United States District Court, Eastern District of California
Jan 11, 2024
2:21-cv-01598-DAD-DB (E.D. Cal. Jan. 11, 2024)

Opinion

2:21-cv-01598-DAD-DB

01-11-2024

JOSELITO E. CORTEZ, Plaintiff, v. U.S. INTERNAL REVENUE SERVICE, Defendant.


ORDER GRANTING DEFENDANT'S MOTION FOR SUMMARY JUDGMENT AND DENYING PLAINTIFF'S MOTION FOR SUMMARY JUDGMENT

(DOC. NOS. 12, 13)

DALE A. DROZD, UNITED STATES DISTRICT JUDGE

This matter is before the court on the parties' cross-motions for summary judgment. (Doc. Nos. 12, 13.) On March 14, 2023, the pending motions were taken under submission on the papers. (Doc. No. 22.) For the reasons set forth below, the court will grant defendant Internal Revenue Service's (“IRS”) motion for summary judgment and deny plaintiff Joselito Cortez's motion for summary judgment.

BACKGROUND

A. Factual Background

The facts summarized herein are derived from the parties' joint statement of stipulated facts (Doc. No. 11); the unsigned copy of the Form 1040, including the W-2 forms filed as part of this Form 1040, which is attached to the parties' joint statement as Exhibit A (Doc. No. 11-1, hereinafter “Exhibit A”); and the IRS account transcript submitted by plaintiff with his complaint (Doc. No. 1-1).

In their joint statement of stipulated facts, the parties stipulate to the authenticity of the IRS account transcript submitted by plaintiff with his complaint. (Doc. No. 11 at ¶ 10.)

Plaintiff had an obligation to file his 2004 federal income tax return by April 15, 2005, or timely file for an extension, but failed to do either. (Doc. No. 11 at ¶ 1.) On or about December 7, 2009, the IRS assessed tax in the amount of $6,006 against plaintiff individually for the 2004 tax year pursuant to a substitute return the IRS prepared under 26 U.S.C. § 6020(b). (Id. at ¶ 2; Doc. No. 1-1 at 3.)

On or about April 25, 2011, plaintiff filed a 2004 Form 1040 with his now-deceased spouse, Lorna Cortez (“Ms. Cortez”), reflecting the status of married filing jointly. (Doc. No. 11 at ¶ 3.) The Form 1040 reported W-2 wage income for plaintiff from the United States Postal Service in the amount of $45,004.34 and wage income for Ms. Cortez from Phoenix Programs, Inc. in the amount of $42,748.92, for a total of “$87,752” in income. (Exhibit A.) It also claimed three exemptions for three Cortez children, as well as a child tax credit for one of the children. (Id.) In addition, the Form 1040 claimed the standard deduction and reflected a total tax of $8,119, with total payments made of $1,406, and a remaining tax amount due of $6,713. (Id.) Although the copy of the Form 1040 before the court in connection with the pending motions is unsigned (see Exhibit A), plaintiff and Ms. Cortez in fact signed the Form 1040 before submitting it to the IRS (Doc. No. 11 at ¶ 3). In response to that submission, the IRS assessed tax jointly against plaintiff and Ms. Cortez in the additional amount of $2,113 on October 31, 2011. (Doc. No. 11 at ¶ 4.) This was the amount of additional tax reported by plaintiff and Ms. Cortez on the Form 1040 that was above and beyond the $6,006 tax due amount that the IRS had previously assessed against plaintiff in 2009. (Id.; Exhibit A; Doc. No. 1-1.)

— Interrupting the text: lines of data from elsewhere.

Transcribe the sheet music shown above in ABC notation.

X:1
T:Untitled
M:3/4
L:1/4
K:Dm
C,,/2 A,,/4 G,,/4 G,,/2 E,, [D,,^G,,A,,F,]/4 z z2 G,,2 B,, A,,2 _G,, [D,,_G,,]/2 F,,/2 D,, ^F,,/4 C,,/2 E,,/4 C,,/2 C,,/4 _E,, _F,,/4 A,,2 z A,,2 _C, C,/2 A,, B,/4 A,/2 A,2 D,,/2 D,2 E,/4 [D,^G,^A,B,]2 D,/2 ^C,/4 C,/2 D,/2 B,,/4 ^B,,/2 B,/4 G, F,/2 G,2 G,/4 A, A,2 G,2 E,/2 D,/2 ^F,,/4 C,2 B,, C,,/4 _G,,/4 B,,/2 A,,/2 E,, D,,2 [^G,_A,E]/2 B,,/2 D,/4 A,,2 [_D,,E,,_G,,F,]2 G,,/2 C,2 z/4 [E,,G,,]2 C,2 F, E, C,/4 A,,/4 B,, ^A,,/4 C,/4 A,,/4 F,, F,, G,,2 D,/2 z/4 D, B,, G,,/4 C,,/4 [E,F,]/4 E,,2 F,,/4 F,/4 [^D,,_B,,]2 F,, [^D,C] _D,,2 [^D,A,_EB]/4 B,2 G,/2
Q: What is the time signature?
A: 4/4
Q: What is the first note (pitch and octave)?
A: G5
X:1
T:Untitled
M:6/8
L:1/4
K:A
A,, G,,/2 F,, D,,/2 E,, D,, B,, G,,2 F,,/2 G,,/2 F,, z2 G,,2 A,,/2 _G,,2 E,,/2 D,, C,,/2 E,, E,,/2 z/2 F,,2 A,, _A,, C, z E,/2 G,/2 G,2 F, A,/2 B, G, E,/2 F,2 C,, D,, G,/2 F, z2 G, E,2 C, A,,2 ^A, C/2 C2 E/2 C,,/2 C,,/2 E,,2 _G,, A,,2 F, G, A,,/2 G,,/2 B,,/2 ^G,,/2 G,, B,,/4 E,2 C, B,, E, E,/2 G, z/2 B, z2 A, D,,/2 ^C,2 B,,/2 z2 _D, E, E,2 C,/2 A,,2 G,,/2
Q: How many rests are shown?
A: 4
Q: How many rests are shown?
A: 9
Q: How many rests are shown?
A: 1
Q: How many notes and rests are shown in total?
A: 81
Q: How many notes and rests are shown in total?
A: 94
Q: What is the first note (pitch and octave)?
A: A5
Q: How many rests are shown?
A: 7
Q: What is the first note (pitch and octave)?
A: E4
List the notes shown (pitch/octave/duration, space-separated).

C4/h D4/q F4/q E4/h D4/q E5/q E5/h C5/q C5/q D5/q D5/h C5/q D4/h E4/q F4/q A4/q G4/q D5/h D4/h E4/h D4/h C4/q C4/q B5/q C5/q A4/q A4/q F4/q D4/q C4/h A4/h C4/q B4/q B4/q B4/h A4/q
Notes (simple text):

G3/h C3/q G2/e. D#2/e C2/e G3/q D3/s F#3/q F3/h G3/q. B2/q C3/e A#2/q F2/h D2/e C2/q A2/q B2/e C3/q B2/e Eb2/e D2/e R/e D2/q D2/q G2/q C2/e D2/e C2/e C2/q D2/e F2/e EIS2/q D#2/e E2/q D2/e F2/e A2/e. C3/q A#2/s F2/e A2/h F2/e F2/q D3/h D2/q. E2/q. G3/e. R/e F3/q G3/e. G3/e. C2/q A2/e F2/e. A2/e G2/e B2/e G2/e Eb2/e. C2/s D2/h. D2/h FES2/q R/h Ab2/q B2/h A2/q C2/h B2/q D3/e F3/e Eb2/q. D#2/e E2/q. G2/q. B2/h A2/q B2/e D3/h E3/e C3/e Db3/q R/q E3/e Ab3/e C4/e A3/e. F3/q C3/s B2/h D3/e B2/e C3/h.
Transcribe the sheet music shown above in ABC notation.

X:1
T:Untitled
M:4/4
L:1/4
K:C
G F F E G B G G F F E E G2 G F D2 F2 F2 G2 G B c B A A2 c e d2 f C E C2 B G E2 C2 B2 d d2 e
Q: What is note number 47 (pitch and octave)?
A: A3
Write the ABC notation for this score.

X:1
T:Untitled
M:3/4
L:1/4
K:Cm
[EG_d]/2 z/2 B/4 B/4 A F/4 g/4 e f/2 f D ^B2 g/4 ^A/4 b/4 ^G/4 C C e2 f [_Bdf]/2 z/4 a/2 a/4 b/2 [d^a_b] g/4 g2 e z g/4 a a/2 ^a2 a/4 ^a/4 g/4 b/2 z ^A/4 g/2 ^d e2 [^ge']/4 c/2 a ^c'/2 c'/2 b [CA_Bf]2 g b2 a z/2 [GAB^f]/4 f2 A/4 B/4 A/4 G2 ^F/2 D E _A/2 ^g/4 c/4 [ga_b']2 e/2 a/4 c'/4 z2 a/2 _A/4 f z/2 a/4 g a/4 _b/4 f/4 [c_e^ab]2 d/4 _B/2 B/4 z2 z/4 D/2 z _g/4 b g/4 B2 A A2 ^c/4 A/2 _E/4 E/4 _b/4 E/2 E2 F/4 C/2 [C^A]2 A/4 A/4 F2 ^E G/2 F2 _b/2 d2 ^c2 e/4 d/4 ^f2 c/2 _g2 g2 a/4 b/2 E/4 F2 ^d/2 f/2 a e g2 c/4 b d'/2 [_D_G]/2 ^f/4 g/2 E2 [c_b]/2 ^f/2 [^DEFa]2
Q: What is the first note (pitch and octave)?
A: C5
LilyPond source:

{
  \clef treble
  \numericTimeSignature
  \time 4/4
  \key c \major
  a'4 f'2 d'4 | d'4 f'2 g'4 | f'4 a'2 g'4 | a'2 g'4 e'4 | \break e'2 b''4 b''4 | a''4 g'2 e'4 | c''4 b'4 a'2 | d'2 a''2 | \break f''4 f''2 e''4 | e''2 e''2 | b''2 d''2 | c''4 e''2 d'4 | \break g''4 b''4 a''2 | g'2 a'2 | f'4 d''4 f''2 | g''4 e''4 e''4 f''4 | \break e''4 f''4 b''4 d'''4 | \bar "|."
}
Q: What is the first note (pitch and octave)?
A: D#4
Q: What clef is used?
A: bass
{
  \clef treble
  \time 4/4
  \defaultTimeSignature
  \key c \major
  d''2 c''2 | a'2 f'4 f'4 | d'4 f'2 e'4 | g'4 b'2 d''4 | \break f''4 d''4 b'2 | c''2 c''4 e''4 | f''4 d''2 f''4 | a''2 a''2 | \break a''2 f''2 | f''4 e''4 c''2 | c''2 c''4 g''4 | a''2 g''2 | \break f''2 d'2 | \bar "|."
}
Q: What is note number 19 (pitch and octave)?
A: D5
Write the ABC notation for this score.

In 2012, plaintiff submitted an offer-in-compromise concerning the tax he owed for the 2004 tax year, which the IRS rejected. (Doc. No. 1-1 at 3.) After the IRS collected some involuntary payments by levy, plaintiff entered into an installment agreement with the IRS, pursuant to which he made several voluntary payments toward the remaining tax amount due, beginning in early 2017 and continuing to early 2018. (Id. at 3-4.)

The parties further stipulate that plaintiff lacks any “reasonable cause” or similar argument for why he failed to file his 2004 tax return on time and before the IRS made its December 7, 2009 assessment. (Doc. No. 11 at ¶ 5.) Plaintiff does not dispute the mathematics of the IRS's October 31, 2011 assessment of $2,133 in additional tax due, nor the mathematics of the interest and penalties calculated based upon that assessment, but rather merely contests the legality of the assessment, interest, and penalties. (Id. at ¶ 6.)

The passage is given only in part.